*Question/JA on Deleuze/Totality

Adrian Kelly 3AMK6 at QUCDN.QUEENSU.CA
Tue Jan 31 19:15:28 CST 1995


I want to reply to several of the posts, but can someone tell
me why my reply function now sends the reply only to the sender
and not, as it did previously, to the list as a whole?
   Anyway.  On the "a-and": my god folks, it's a stutter that adds
to Slothrop's boyish charm.  What was all that about V and A?
and Wittgenstein?  If that's true, what do we make of the
"o-or"s in _Vineland_?  Are they rilly significant?
   I thought Joseph raised an important point about the trendiness
of Deleuze-Guattari/Pynchon.  Something I'm absolutely guilty of
participating in, but which horrified me when I discovered its dimensions
(eg. the Warwick Conference).  I began the countdown to thesis
burnout.  The popularity of D&G in literary studies is interesting
considering Foucaults less than tacit warning in the preface to AO.
Rhizomic thought emerges, only to creep along the edges of
(institutionalized) Totality.  D & G have become the theorists of
everything, and you're just not hep to the drive if you havn't looked
up deterritorialization in a dictionary of literary theory.  The
'problem' with D&G in regards to Pynchon, though, is that at times
AO, ATP, and GR look *as if they could have been written by the same
person* (a-and saaayy, didn't TP ["TP"?!...] spend some time in that
Paris in the early seventies?).
  Let's consider the following example; an entirely selfish gesture
on my part since it's something I've been thinking about, but I
think (and hope) that it may open up some issues for further
discussion.  What I'm focussing on is the theme of (anti)totality.
   D&G:  'Totality/molar unities are b-bad, fascist.  Multiplicity,
molecular flows, schizoid-formations good.'
  Pynchon:  Yeah but m-maybe not (?)
 Now what about that perplexing advent scene in GR:
       The War needs to divide this way, and to subdivide,
       though its propaganda will always stress unity, alliance,
       pulling together.  The War does not appear to want a
       folk-consciousness, not even of the sort the Germans
       have engineered, ein Volk ein Fuhrer, it wants a
       machine of many separate parts, not oneness, but a
       complexity.... (130-131 [I think]).

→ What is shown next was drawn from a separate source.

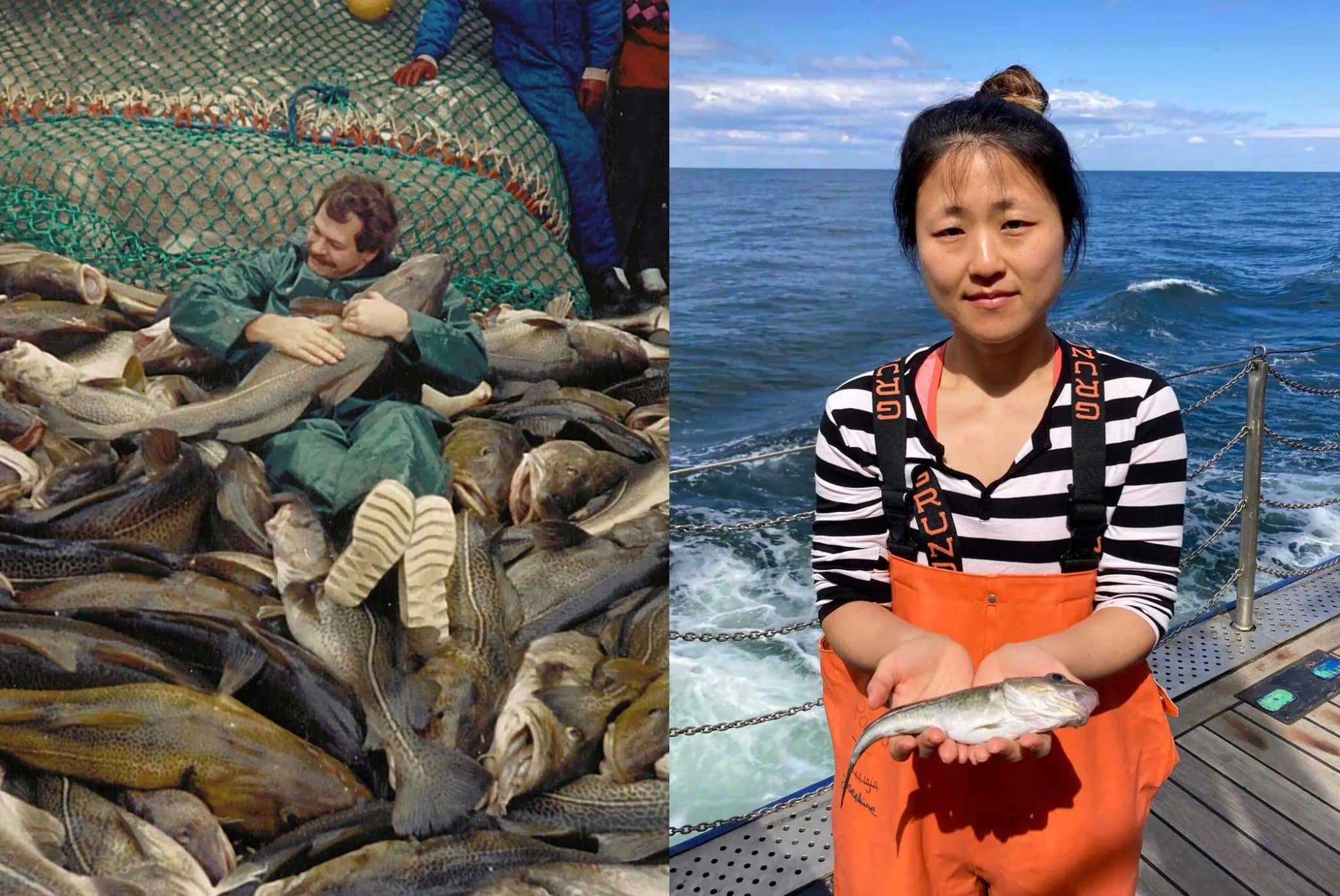 Спустя шесть лет после полного запрета на вылов трески в Балтийском море по-прежнему не видно ее крупных представителей / © Jesper Bay, Danish Institute for Fisheries and Marine Research, Thorsten Reusch, GEOMAR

Hmm.  I guess the appropriate question is who is speaking here?
But if we can leave that aside for a moment, one-ness, totality,
ego-dissolution, choose the label, is advocated here, and
explicitly compared to the folk-consciousness of Nazi
Germany, certainly the type of molar formation that D & G
rebuke.  In Male Fantasies, Theweleit also points out that
the folk-consciousness is not to be confused with the kind of
schizoid-deindividualization that D&G advocate.  He points out
the way in which the German populace was regarded as a degenerate
mass that had to be organized into a functional (ie subservient)
unity.  The folk-con was still a hierarchical formation, supervised
by the Elect, who maintained a (technologically) hardened ego and
sense of individuality.
  I'm probably not pointing to anything that TP did not think about,
because shortly after the above passage comes this one:
        Surely for as long as there have been nights
        bad as this one -- something to raise the
        possibility of another night that could
        actually, with love and cockcrows, light the
        path home, banish the Adversary, destroy the
        boundaries between our lands, our bodies, our
        stories, all false, about who we are[...] (135?)

This (one of the best passages in GR, I think) sounds almost exactly like
the kind of intersubjective multiplicity that D&G champion.
Perhaps, in a book that dynamically inter-relates Zeros and Ones, the
juxtaposition of these two passages and their points of view is not
that suprising.  Is Pynchon acknowledging the (conditioned) reflex
to misrecognize oppressive totalities such as the folk-consciouness, or is
he 'mistakenly' associating the multiplicity advocated in the second
passage (or have I misread it?) with a totalizing fusion?  Is the overall
text itself, despite its avowedly anti-totality gesture nonetheless
totalitarian, a "'motley painting of everything that has ever been
known'" as D&G say again of capitalism in AO?  Big questions I guess.
Any thoughts?

BTW, more on Josephs thoughts re D&G and on "sounding cool" by using
them.  Using D&G in literary exposition is fine, but as long as the
use is grounded, I think, in a critical practice that supplements the
abstraction of their theory with ref. to material, historical events
that the the literary text under question engages.  (But I suppose
my own pedantry will be shot down by my dissertation committee some
day, if my thesis ever gets done  before the dozens of others who
are interfacing Pynchon with D&G write it first...)

PS  I liked the equation of Jimmy Stewart and Slothrop.  When I picture
Slothrop cinematically, I picture a young Jimmy Stewart, and sometimes
a slightly chubby Cary Grant.  Who would play Blicero and Enzian?